Kadına Şiddet

Toplumumuz yıllardan beri hızını hiç eksiltmeden yaşanan ve halende yaşanmaya devam eden kadına yönelik şiddet sarmalının bıraktığı izleri büyük bir dehşet içinde seyretmektedir. Sokaklarda, caddelerde, kuytu köşelerde kâh güvenlik kameralarına yansıyan iç bulandırıcı görüntülerden, kâh şiddete müdahale edemeyenlerin vicdanlarını bir parça olsun rahatlatmak için cep telefonları veya kameralarıyla çektiği görüntülerden bu kahredici şiddet sarmalının görüntüleri artık evlerimizin en ücra köşelerinden öte düşüncelerimize kadar giriyor. Esas dramatik olan hayallerimiz bu şiddete uğrayan insanların görüntüleri ile adını hiçbir kelime ile koyamayacağımız bir şekilde kirleniyor. Toplum henüz bu fiziksel şiddeti çözmek şöyle dursun, devletimizin bütün çaba ve çalışmalarına rağmen henüz aşamadığından kadına yönelik şiddetin diğer yönlerini henüz tartışamıyor ve göz ardı ediyor. Kadının şiddet sarmalından kurtulması için bir çok argüman öne sürülüyor. Bu argümanlardan bazıları, kadının sosyal ticari ve siyasi hayata aktif ve etkin bir şekilde katılımını sağlamak olarak gösteriliyor. İşte esas dramda burada gizlice başlıyor. Çünkü bu sayılan argümanlar dahi kadına şiddet olarak uygulanabiliyor. Kadına yönelik “sosyal” “ticari” ve “siyasi” olarak isimlendirilen yeni şiddet türleri ortaya çıkıyor. Çünkü sosyalleşme, ticaret ve siyaset erkek işi olarak görülüyor ve ellerinde hamur olanlar kalplerinde kin ve kibir, ellerinde de kan ve iftira hamlığı bulunanların işlerine karıştırılmak istenmiyorlar. Aslına bakarsanız kadınlarında bu işlere karışmak niyetleri yok…

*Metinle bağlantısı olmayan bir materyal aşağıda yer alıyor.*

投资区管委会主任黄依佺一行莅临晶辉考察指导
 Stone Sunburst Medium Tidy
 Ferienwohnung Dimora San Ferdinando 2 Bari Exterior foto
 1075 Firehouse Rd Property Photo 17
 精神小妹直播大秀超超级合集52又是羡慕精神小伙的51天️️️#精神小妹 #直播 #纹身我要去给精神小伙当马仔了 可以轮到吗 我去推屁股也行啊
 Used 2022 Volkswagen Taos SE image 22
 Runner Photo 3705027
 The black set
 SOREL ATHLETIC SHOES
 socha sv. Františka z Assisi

Kadınların sosyal, ticari veya siyasi hayata aktif ve etkin bir ortak olarak dahil olmayı istemeleri erkeklerle aynı gerekçelere dayanmaz. Kadınlar onlardan daha farklı gerekçelere sahiptirler. Çünkü kadınların endişe ve kaygıları her ne kadar toplumun geneli ile paralellik gösterse de, birçok konunun devam ve çözümünde farklılıklar içerir. Sadece bu farklılıktan dolayı kadının insanlık hayatın tüm kesiminde boy göstermesi hatta boy göstermenin de ötesinde derinlik kazanması gereklidir. Kin, kibir, nefret, kendini beğenme, riyakârlık, intikam ve bunlara paralel olarak sebeplere itibar ederek sebebin hizmet ettiği amacı görememe veya o amacı kendi maksadına engel görerek nihai hedeften perdelenmek, insanlığın erdem olarak kabul etmediği ve insana ait olmayan insansı özelliklerdir. Bu özellikler insanlığın sığ sularıdır.

 

SIĞ SULARDA GEMİ YÜZDÜRMEK

 

Bu sularda gemi yüzdürmeye alışmış olanlar bu sığlığın dışında derin sularda gemilerini yüzdüremeyeceklerinden uzak ufuklardaki hedeflerin gerçekleşmesine de tabii olarak engel olacaklardır. Kadın bunun aşılmasında, kendisine verilen ilahi armağanların tamamını kullanacak ve derin suların ötesindeki uzak hedefleri yakın edecektir. Her dönemde olduğu gibi elindeki demirden kılıçla kadının “Hamur” gibi yumuşacık işine karışmak isteyen bedbahtlar olacaktır. Ancak kadının bu alanlardaki varlığı ve uzak ufuklardaki hedeflerine gemisini yüzdürme isteği, kazara adı geçen alanlarda güç elde etmiş olan zalimlerin şiddet kullanan yüzünü yine onların kendi eylemleri ile açığa çıkararak, onların tanınmasına yardımcı olacaktır. Yaradılış gerçeği dikkate alındığında şu hakikat hemen göze çarpar. Allah (C.C) erkeği topraktan, kadını da onun sol eğe kemiklerinin arasından yaratmıştır. Ancak insan bir kadın ve bir erkekten yaratmıştır. Buradan da anlaşılır ki insanın ve insana ait bütün değerlerin kemaliyle ortaya çıkması için birlikte çalışmak elzemdir. Bu birlikteliğin bozulması için kendi hegemonyasına uyarak hareket etmek isteyen fesatçılar her zaman olacaktır. Şu kadar var ki bu fesatçıların ensesinden yakalayacak akil ve yaratılış amacını benimsemiş sadık inanlarda her daim var olmaya devam edeceklerdir. Kadını yaratılış yeri oldukça önemlidir. “Sol kaburga kemiklerinin arasından” tabiri kadının kalpten yani sevgiden malul olduğunu göstermeye yeterlidir. Bir sevgi ürününü şiddet ve türleri ile engellemeye çalışmak akılsızlara uygun gelse bile gönül sahipleri her zaman galip geleceklerdir.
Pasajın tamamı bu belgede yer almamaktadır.